Recovery was quite easy.  Daddy drove down off the road and backed the trailer into the embankment just below the boat.  With a few pushes the boat slid down the embankment and onto the trailer.  The boat had lost about 6 feet of its center keel, a few feet from each of the side keels, about 4 inches off the motor’s keel.  The prop was a total loss.  Since we carried a spare prop, ever since we dropped one into the Gulf of Mexico, Daddy decided we could continue on.  We finally concluded that turning back would be the safer choice considering the condition of the trailer, but I know he was quietly disappointed with the decision. I have always regretted not choosing to continue that trip.  To this day I remember this trip and the lesson Daddy thought in less that 60 seconds: stay in control, do what you can to protect others, property losses are not relevant when nothing can be done and when nothing else can be done: live life and laugh!


What is it you see?

It was deer season and so it was time to build another deer blind.  The red Dodge pickup was loaded with circular saw, 2 x 6’s and 5 sheets of plywood.  I met Daddy on the on the tennis court at granddaddy's house.  Earlier in the day we had been to Gloor Lumber Yard to buy the material. The plan had been to build the blind out of 2 x 4’s and ¼ inch plywood, but Gloor had discounted some ½ inch rough sawn exterior plywood with a nice 4 inch groove detail. The price was great and we’d have a very stylish deer blind!  In order to accommodate the extra weight we’d just use 2 x 6’s for the legs and base instead of 2 x 4’s. 

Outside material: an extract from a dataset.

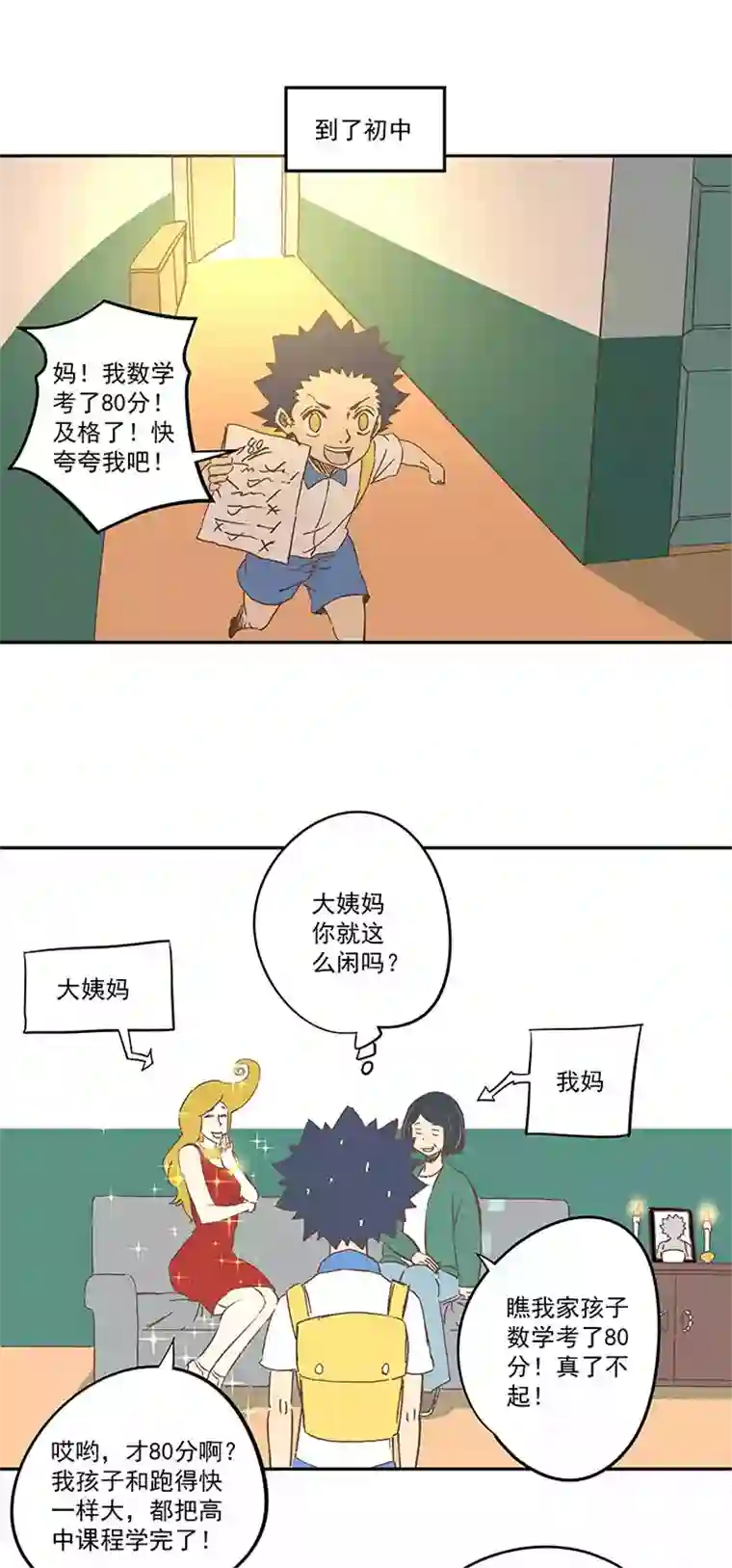 神之一脚第一百六十三波 我叫跑得快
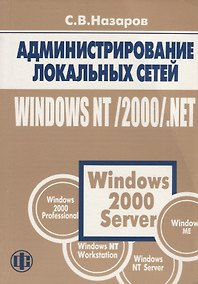 Купить Администрирование локальных сетей Windows NT/2000/.NET: Уч.пос. изд.2 — Фото №1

Having spent hours is tiny blinds that you have to crawl into; Daddy wanted this one to be comfortable.  This blind was about 3 ½ feet square on the floor which would let it lay on its side in the back of the pickup and just fit between the wheel wells.  And it was tall enough to let you stand up and stretch your legs. We also needed room for the old WWII office chair Daddy had scrounged.  I have to admit it was easy to build.  The floor was the only thing that had any framing; the walls and roof were just nailed together.  We cut out some windows and a door the screwed them back on with some hinges and we were done! It wasn’t until we were loading it into the back of the Dodge that we saw the flaw in the design.  This thing weighed a ton!  It took all we had to push it over and slide it up into the truck bed.  Immediately those 2 x 6’s started looking like skinny legs.  Then I started worrying about how we would ever manage to get the thing up in the air on top of its 16 foot legs. Daddy assured me there was a plan, …something about pushing it up with the truck. 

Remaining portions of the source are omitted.